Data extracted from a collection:
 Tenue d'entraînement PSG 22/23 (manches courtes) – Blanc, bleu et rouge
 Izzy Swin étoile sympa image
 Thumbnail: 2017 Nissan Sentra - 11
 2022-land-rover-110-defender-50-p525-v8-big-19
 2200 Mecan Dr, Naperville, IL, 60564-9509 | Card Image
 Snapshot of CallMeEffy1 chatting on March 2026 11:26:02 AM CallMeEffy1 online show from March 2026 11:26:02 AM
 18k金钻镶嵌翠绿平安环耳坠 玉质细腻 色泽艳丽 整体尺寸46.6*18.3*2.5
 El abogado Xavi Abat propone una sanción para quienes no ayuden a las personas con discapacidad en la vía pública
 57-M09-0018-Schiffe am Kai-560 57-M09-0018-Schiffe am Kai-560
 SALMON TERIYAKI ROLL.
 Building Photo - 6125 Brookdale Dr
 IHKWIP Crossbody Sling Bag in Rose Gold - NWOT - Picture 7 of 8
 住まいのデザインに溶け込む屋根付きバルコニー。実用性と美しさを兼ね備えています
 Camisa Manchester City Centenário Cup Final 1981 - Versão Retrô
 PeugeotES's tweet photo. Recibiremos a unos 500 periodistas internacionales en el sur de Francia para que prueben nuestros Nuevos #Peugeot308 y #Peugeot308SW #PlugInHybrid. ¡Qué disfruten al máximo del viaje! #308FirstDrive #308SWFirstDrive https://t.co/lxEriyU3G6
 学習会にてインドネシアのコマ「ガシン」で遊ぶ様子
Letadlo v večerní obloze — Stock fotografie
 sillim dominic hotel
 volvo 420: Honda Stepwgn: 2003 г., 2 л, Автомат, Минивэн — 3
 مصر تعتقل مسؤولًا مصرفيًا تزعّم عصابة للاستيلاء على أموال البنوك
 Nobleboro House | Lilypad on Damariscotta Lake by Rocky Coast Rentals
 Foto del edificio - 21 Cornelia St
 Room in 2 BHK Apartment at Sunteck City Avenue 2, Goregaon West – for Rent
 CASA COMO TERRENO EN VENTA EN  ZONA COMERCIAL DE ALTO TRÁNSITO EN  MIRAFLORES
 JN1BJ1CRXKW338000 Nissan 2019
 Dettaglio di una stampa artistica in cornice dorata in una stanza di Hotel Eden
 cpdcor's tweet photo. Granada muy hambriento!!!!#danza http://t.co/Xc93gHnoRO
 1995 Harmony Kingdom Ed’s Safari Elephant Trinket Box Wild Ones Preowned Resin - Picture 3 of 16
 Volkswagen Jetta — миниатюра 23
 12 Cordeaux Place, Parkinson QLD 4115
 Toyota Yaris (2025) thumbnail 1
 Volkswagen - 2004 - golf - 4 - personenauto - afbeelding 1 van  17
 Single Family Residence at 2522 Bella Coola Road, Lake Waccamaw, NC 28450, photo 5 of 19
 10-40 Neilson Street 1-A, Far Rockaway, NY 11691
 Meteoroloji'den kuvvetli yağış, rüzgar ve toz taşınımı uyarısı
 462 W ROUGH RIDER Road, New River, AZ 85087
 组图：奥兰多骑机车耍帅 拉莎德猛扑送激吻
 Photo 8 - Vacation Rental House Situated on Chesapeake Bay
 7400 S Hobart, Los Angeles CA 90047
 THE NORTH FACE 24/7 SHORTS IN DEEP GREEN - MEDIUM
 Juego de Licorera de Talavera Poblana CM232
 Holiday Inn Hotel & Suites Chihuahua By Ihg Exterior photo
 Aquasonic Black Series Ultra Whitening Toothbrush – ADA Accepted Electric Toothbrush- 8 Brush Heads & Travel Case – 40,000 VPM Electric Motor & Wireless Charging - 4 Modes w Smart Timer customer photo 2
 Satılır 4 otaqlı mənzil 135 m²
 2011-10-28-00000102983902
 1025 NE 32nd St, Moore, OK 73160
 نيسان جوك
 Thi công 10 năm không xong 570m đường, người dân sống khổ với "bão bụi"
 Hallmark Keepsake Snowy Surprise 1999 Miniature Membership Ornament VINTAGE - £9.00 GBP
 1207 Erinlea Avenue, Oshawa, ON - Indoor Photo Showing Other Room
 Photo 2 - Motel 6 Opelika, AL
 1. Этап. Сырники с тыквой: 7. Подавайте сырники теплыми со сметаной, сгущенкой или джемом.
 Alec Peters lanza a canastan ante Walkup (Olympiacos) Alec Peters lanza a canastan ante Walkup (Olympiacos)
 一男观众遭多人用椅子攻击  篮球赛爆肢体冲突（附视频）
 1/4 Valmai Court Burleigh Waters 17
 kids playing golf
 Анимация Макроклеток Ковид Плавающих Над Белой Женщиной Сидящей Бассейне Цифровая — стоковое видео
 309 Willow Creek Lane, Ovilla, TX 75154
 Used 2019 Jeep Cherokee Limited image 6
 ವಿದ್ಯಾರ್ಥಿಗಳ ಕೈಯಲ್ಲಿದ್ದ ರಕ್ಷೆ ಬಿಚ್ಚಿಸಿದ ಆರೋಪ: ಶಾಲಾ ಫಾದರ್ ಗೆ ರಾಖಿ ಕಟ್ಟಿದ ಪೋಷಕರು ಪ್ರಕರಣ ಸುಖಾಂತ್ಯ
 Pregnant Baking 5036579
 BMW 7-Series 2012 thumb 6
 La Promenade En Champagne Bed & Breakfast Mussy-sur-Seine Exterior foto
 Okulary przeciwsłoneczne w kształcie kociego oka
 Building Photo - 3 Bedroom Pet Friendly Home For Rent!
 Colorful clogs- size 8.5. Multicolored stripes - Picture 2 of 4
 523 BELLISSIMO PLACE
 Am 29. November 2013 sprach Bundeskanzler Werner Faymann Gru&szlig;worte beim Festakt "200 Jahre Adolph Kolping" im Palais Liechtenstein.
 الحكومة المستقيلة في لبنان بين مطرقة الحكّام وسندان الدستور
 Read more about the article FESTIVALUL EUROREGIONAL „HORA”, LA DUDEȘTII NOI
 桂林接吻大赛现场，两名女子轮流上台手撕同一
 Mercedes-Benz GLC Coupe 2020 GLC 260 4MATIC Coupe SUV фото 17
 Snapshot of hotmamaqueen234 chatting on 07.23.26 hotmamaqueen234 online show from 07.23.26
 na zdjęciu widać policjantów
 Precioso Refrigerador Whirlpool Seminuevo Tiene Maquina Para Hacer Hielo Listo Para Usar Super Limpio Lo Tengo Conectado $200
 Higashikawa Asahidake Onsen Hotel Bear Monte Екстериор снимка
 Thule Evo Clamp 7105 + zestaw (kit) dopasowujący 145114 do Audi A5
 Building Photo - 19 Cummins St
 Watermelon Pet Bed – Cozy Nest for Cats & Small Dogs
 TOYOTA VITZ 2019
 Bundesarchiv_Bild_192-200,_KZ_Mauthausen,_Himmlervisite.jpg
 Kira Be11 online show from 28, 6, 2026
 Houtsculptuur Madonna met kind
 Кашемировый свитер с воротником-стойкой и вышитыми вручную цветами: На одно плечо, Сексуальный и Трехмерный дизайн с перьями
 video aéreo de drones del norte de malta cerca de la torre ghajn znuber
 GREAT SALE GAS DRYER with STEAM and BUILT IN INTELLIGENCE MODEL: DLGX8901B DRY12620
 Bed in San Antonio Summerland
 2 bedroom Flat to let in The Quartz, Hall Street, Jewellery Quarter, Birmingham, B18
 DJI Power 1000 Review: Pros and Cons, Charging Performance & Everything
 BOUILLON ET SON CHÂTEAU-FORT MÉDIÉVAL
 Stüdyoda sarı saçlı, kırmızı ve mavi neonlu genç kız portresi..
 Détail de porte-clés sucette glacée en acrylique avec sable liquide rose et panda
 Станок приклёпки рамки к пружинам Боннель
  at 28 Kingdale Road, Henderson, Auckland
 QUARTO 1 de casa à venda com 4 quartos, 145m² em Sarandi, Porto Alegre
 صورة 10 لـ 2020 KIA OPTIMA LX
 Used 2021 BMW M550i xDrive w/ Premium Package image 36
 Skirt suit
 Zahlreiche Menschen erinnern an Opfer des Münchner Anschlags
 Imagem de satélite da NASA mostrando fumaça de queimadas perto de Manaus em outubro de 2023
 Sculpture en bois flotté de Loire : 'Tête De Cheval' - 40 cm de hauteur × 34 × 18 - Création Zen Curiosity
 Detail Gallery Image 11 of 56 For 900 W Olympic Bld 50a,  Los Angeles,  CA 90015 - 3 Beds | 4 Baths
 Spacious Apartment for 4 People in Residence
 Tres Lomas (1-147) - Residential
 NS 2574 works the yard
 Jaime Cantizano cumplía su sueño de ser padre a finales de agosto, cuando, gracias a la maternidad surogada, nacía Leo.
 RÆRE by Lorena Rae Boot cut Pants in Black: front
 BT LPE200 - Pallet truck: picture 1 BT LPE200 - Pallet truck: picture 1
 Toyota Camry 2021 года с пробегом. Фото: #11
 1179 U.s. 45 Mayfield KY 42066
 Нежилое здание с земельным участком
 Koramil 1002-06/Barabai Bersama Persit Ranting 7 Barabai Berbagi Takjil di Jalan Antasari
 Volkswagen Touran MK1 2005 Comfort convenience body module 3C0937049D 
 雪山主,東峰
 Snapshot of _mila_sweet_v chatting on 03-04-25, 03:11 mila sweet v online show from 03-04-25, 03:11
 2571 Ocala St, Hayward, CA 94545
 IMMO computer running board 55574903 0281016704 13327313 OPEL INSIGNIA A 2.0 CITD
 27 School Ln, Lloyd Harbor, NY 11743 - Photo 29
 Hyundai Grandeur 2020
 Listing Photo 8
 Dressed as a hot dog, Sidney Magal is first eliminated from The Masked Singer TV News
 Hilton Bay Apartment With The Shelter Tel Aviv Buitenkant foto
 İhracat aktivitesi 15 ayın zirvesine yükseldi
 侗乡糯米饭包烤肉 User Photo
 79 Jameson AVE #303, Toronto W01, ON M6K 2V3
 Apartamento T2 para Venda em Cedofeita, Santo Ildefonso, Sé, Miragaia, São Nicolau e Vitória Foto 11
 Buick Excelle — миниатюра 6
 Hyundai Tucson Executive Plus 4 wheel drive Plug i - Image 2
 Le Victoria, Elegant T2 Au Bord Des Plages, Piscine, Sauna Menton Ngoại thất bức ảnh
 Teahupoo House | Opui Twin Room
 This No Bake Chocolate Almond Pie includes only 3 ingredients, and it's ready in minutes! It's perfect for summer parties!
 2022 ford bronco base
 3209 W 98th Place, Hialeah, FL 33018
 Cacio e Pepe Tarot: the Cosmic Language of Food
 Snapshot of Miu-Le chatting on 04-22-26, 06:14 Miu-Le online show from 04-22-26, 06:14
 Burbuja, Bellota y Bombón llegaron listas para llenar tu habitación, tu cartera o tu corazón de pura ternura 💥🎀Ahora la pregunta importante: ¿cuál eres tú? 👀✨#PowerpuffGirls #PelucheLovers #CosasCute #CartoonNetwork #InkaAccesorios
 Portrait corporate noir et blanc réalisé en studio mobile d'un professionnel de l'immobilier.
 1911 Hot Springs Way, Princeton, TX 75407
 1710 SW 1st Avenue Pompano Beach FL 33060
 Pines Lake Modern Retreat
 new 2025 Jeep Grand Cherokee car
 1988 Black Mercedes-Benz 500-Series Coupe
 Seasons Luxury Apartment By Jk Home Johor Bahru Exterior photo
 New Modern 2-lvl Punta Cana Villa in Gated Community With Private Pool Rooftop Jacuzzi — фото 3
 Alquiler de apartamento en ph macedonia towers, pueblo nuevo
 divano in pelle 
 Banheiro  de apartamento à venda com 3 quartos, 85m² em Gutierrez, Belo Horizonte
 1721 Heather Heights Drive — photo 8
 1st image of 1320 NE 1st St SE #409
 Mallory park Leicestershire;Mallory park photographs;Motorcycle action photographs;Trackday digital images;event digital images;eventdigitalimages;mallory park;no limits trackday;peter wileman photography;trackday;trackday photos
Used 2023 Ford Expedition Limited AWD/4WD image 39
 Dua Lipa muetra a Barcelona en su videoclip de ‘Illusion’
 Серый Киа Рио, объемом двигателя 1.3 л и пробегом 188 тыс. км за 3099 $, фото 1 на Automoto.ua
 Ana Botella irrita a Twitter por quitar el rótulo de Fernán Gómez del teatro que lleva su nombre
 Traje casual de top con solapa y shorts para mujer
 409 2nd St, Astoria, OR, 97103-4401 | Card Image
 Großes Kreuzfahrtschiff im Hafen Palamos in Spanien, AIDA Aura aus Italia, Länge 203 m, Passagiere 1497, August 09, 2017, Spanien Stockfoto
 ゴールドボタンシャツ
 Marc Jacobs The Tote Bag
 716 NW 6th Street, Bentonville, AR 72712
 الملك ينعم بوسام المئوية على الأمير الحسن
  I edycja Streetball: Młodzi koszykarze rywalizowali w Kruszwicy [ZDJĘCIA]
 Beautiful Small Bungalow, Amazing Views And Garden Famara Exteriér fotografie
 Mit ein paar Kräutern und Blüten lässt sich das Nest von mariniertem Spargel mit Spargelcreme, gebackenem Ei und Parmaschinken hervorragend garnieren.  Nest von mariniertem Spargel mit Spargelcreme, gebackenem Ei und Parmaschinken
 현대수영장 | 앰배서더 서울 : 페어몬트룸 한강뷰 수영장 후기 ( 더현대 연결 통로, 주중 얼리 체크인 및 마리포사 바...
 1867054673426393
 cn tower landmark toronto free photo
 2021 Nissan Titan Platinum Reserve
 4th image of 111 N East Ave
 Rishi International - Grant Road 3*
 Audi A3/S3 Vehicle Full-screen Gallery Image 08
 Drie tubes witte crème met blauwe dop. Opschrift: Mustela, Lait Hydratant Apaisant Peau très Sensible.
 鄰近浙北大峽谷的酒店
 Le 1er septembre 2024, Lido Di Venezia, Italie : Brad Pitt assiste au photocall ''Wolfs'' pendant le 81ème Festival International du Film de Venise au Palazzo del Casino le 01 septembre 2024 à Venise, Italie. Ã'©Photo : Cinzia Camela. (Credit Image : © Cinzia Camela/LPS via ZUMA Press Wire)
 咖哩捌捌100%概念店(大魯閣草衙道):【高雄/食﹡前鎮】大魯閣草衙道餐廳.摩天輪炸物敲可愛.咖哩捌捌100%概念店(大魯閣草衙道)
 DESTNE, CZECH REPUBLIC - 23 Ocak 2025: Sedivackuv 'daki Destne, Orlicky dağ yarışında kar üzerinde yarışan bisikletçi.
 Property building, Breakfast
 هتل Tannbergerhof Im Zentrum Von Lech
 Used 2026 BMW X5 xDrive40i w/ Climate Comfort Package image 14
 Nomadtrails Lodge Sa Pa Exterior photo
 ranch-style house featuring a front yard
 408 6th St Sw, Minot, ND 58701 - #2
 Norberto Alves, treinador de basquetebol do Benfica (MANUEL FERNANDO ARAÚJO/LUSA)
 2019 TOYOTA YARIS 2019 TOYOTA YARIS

▶ Action item
Return a word-for-word copy of the lines above from the one holding "Colorful clogs- size" through the one holding "na zdjęciu widać policjantów", with both of them included and nothing besides.

▶ The completed task
 Colorful clogs- size 8.5. Multicolored stripes - Picture 2 of 4
 523 BELLISSIMO PLACE
 Am 29. November 2013 sprach Bundeskanzler Werner Faymann Gru&szlig;worte beim Festakt "200 Jahre Adolph Kolping" im Palais Liechtenstein.
 الحكومة المستقيلة في لبنان بين مطرقة الحكّام وسندان الدستور
 Read more about the article FESTIVALUL EUROREGIONAL „HORA”, LA DUDEȘTII NOI
 桂林接吻大赛现场，两名女子轮流上台手撕同一
 Mercedes-Benz GLC Coupe 2020 GLC 260 4MATIC Coupe SUV фото 17
 Snapshot of hotmamaqueen234 chatting on 07.23.26 hotmamaqueen234 online show from 07.23.26
 na zdjęciu widać policjantów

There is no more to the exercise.